EDIT (24th feb. 2015): I added a paragraph at the end to answer a question of Tomek Kania.
As I wrote in a comment above, the Nyikos space $X$ I used in my answer to the question cited above gives a consistent counter-example (when taking the one-point compactification).
This space is built with the help of the axiom $\diamondsuit$. I just noticed that a construction can be made using only the axiom $\clubsuit_C$ ("club for clubs") which is much weaker. In particular, $\clubsuit_C$ is compatible with MA + $\neg$CH. I am 100% sure that this construction has been made before, by Nyikos probably, but I did not find it in print, so here is a sketch of how it works.
Let $\Lambda$ be set of limit ordinals in $\omega_1$. The axiom $\clubsuit_C$ says:
$\clubsuit_C$: There exists $\langle S_\lambda:\lambda\in\Lambda\rangle$ such that $S_\lambda$ is an increasing $\omega$-sequence converging to $\lambda$, with the property that if $C\subset\omega_1$ is closed and unbounded (abbreviated by "club"), there is some $\lambda\in\Lambda$ with $S_\lambda\subset C$.
The idea is the following.
The underlying set of the space $Z$ is $\omega_1\times[0,1]$ (in the end we take the one-point compactification and basically add $\{\omega_1\}\times\{0\}$).
Write $S_\lambda=\langle s^\lambda_1, s^\lambda_2,\dots\rangle$ in increasing order. We define the topology by induction such that $Z_\lambda=\lambda\times[0,1]$ is homeomorphic to a closed subspace of $\lambda\times[0,1]$ with the product topology. Thus, $Z_{\lambda+1}$ is compact metrizable. Moreover, the homeomorphism preserves the fibers.
The way the topology on $Z_{\lambda+1}$ (for limit $\lambda$) is defined is summarized in this picture.
We arrange such that for any $\omega$-sequence $x_n$ in $[0,1]$, the
sequence $\langle s_n^\lambda,x_n\rangle$ has all of $\{\lambda\}\times[0,1]$ in its closure.

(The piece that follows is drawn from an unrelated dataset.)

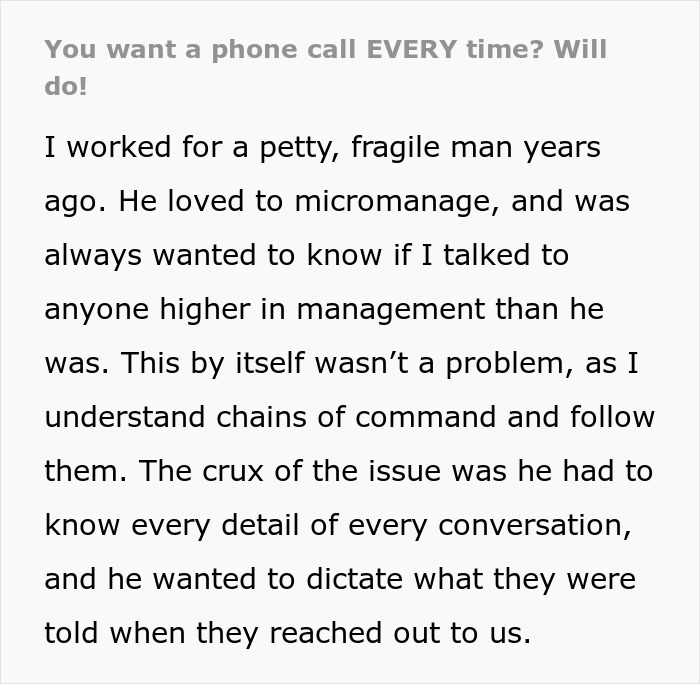 “He Loved To Micromanage”: Worker Teaches Boss A Lesson After Latest Demand Gets Him Fired “He Loved To Micromanage”: Worker Teaches Boss A Lesson After Latest Demand Gets Him Fired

If $\lambda$ is limit, the topology of $Z_\lambda$ is just the one given by the increasing union, and $Z_{\lambda+2}$ is the disjoint union of $Z_{\lambda+1}$ and $\{\lambda+1\}\times[0,1]$.
Taking $Z=\cup_{\lambda<\omega_1}Z_\lambda$, we obtain a countably compact first countable locally compact and locally metrizable space. If $E\subset Z$ is closed non-metrizable, then it is not contained in any $Z_\lambda$ and one sees easily that it must intersect the fibers in a closed and unbounded subset $C$ of $\omega_1$. But then, by $\clubsuit_C$, $E$ must contain a sequence $\langle s_n^\lambda,x_n\rangle$ and thus all of $\{\lambda\}\times[0,1]$ for some $\lambda$. Thus $E$ is not totally disconnected.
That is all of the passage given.